-- Available data follows --
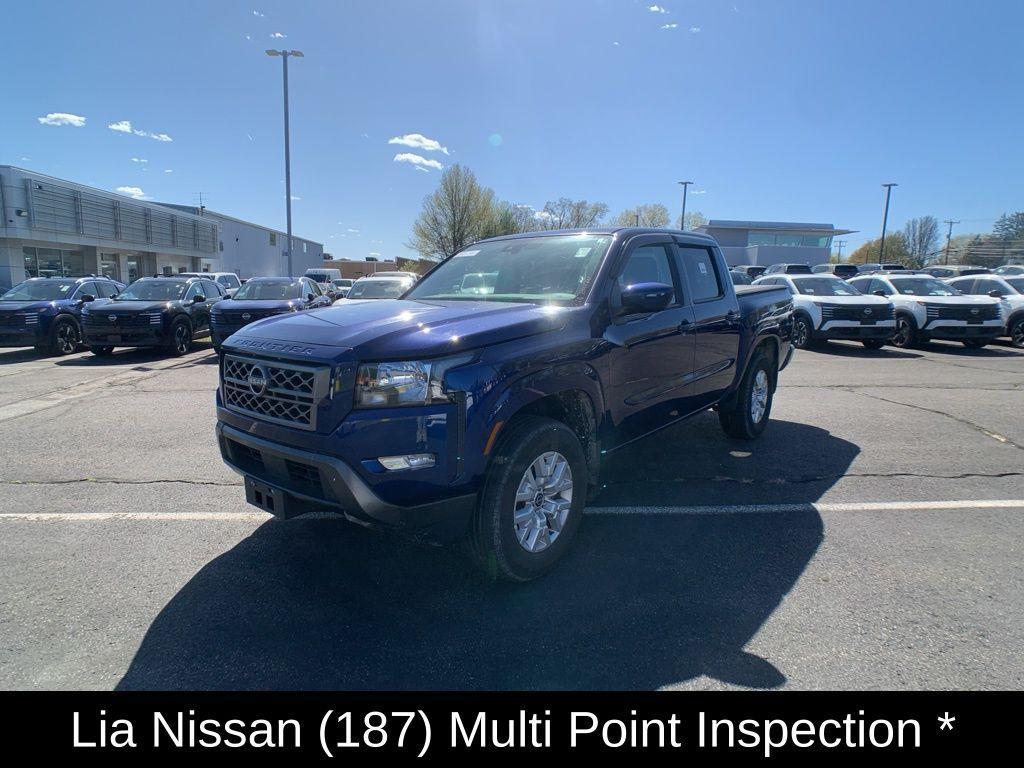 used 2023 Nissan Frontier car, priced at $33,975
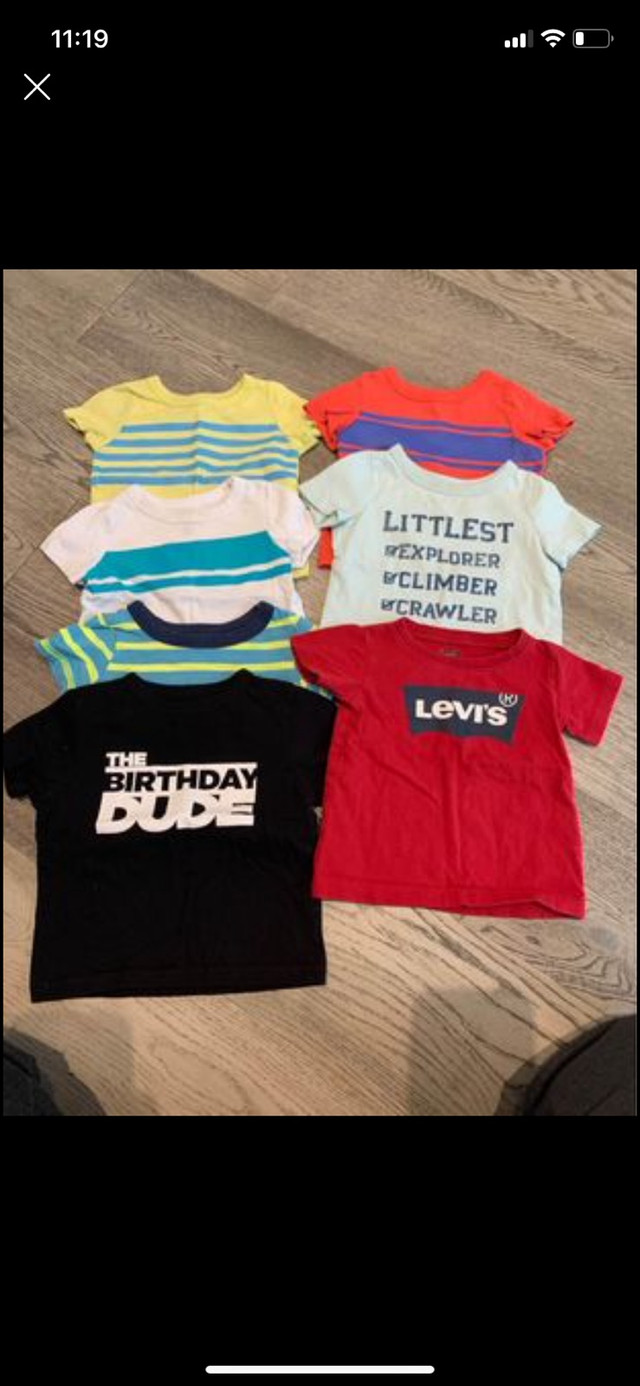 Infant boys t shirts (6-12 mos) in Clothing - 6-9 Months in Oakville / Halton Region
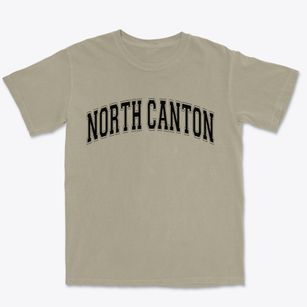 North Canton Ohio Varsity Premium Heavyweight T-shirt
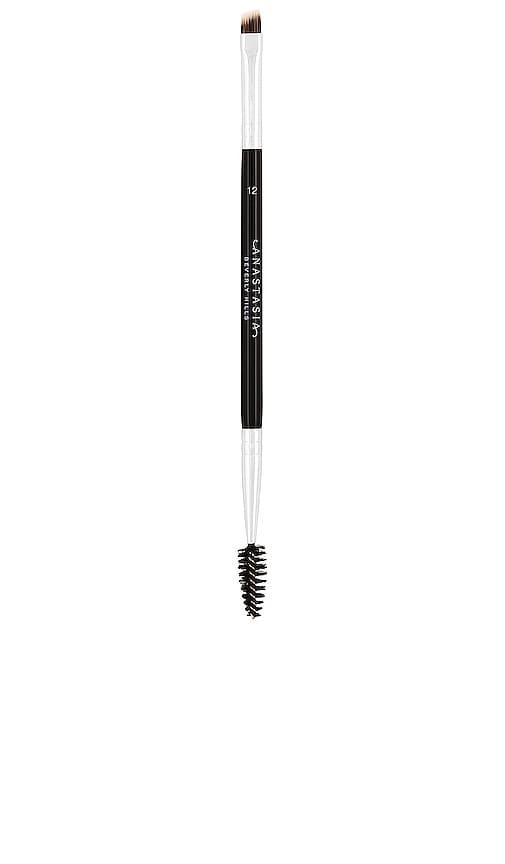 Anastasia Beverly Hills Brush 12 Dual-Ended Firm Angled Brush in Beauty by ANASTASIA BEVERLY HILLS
-- Available data concluded --
Work required:
Line by line, restate the data above exactly as it stands, minus the pictures.

Written response:
 used 2023 Nissan Frontier car, priced at $33,975
 Infant boys t shirts (6-12 mos) in Clothing - 6-9 Months in Oakville / Halton Region
 North Canton Ohio Varsity Premium Heavyweight T-shirt
 Anastasia Beverly Hills Brush 12 Dual-Ended Firm Angled Brush in Beauty by ANASTASIA BEVERLY HILLS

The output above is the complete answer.